Task to carry out: Restate the listing below word for word, omitting any images.
** Opening Given material block **
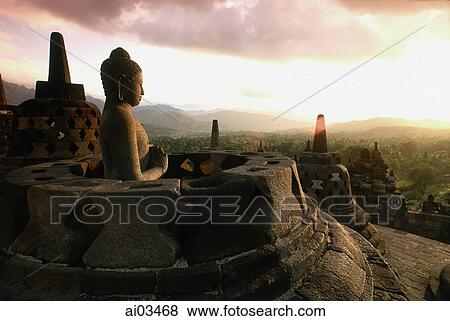 Indonesia, Java, Buddha figure at Borobudur temple at dawn, mountains in background View Large Photo Image Stock Photo - Indonesia, Java, Buddha figure at Borobudur temple at dawn, mountains in background. Fotosearch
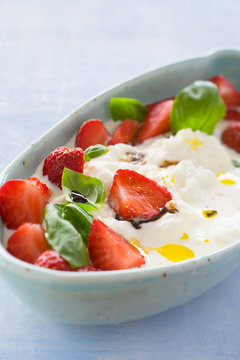 Creamy stracciatella with strawberries, basil, olive oil and balsamic vinegar. Selective focus.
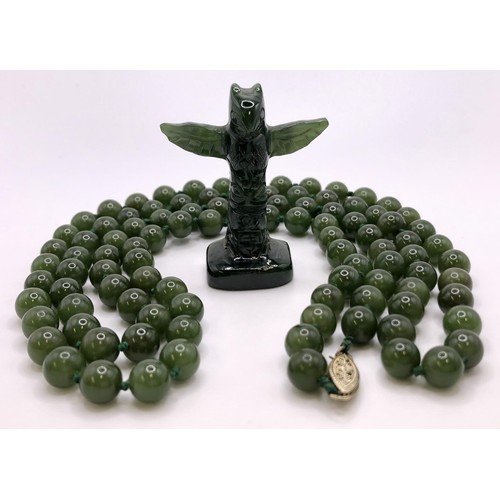 596 - A jade bead necklace, and a jade carved totem pole, (2)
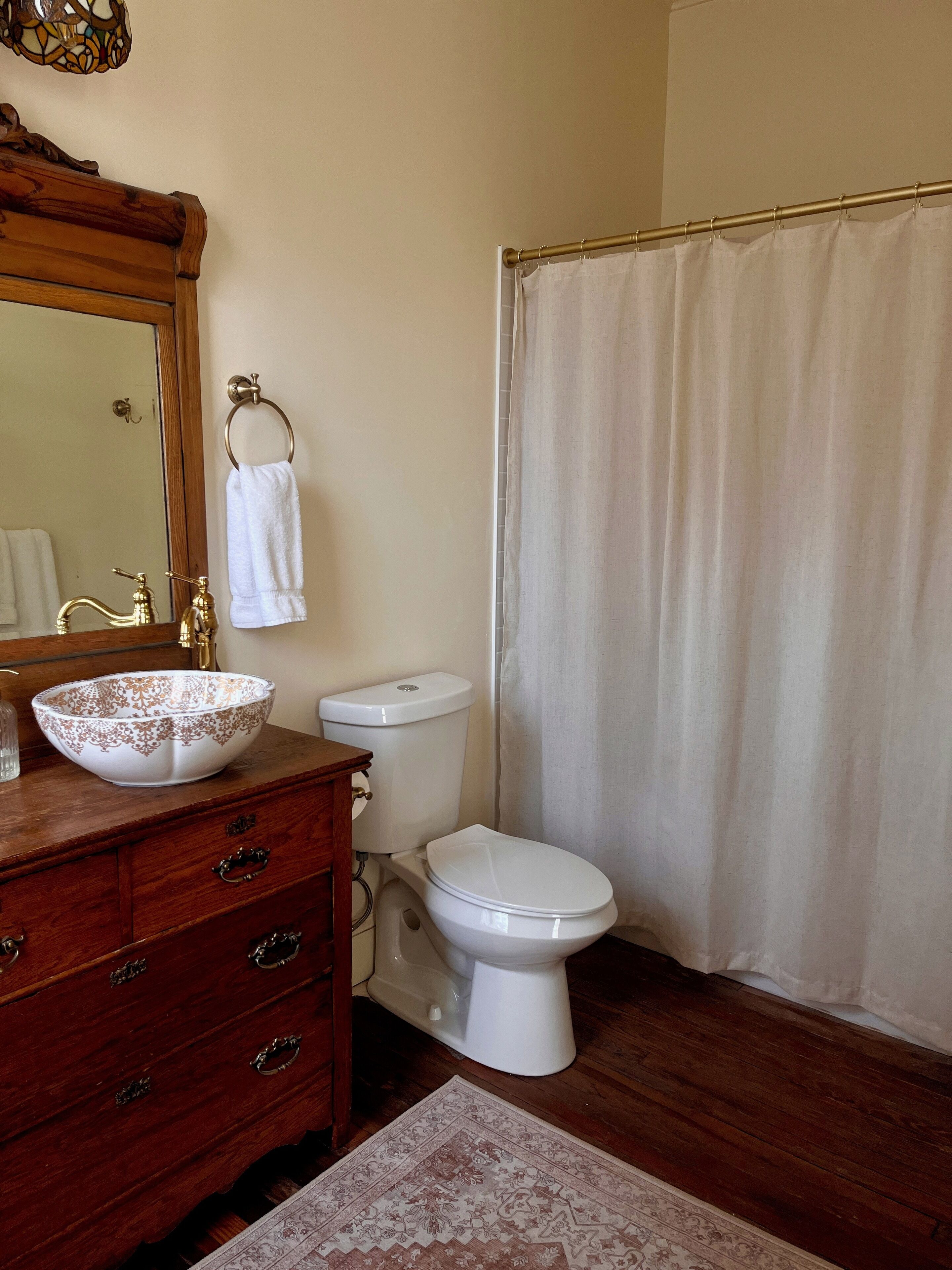 A bathroom with a wooden vanity, a white sink with a decorative bowl, a toilet, and a shower curtain.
** Closing Given material block **
The completed task:
 Indonesia, Java, Buddha figure at Borobudur temple at dawn, mountains in background View Large Photo Image Stock Photo - Indonesia, Java, Buddha figure at Borobudur temple at dawn, mountains in background. Fotosearch
 Creamy stracciatella with strawberries, basil, olive oil and balsamic vinegar. Selective focus.
 596 - A jade bead necklace, and a jade carved totem pole, (2)
 A bathroom with a wooden vanity, a white sink with a decorative bowl, a toilet, and a shower curtain.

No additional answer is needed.